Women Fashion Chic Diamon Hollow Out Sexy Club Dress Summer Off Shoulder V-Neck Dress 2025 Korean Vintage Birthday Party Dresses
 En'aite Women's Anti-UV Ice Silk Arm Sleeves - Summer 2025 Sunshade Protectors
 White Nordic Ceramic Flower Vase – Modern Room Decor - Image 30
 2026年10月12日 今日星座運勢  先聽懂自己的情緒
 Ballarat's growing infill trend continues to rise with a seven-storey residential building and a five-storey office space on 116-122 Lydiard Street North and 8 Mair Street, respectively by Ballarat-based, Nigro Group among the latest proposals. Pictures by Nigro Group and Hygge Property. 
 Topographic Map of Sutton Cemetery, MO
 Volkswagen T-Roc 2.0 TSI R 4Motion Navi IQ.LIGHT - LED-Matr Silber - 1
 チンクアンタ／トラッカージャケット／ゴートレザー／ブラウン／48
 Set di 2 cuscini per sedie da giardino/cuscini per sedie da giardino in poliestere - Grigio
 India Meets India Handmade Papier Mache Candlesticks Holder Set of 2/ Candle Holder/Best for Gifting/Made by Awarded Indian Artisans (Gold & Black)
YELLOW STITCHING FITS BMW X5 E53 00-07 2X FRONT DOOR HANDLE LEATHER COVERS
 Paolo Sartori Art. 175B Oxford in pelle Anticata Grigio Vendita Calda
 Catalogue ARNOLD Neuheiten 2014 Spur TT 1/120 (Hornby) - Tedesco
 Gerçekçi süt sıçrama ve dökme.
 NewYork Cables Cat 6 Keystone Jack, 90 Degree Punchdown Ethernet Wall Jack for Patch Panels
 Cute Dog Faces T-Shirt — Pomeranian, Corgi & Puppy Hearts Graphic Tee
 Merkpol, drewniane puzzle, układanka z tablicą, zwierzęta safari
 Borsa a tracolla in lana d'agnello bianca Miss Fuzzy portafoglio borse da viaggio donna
········
YOUR OBJECTIVE ::
Provide only the count of lines within the entries above that include the string "Grigio".

OUTPUT ::
2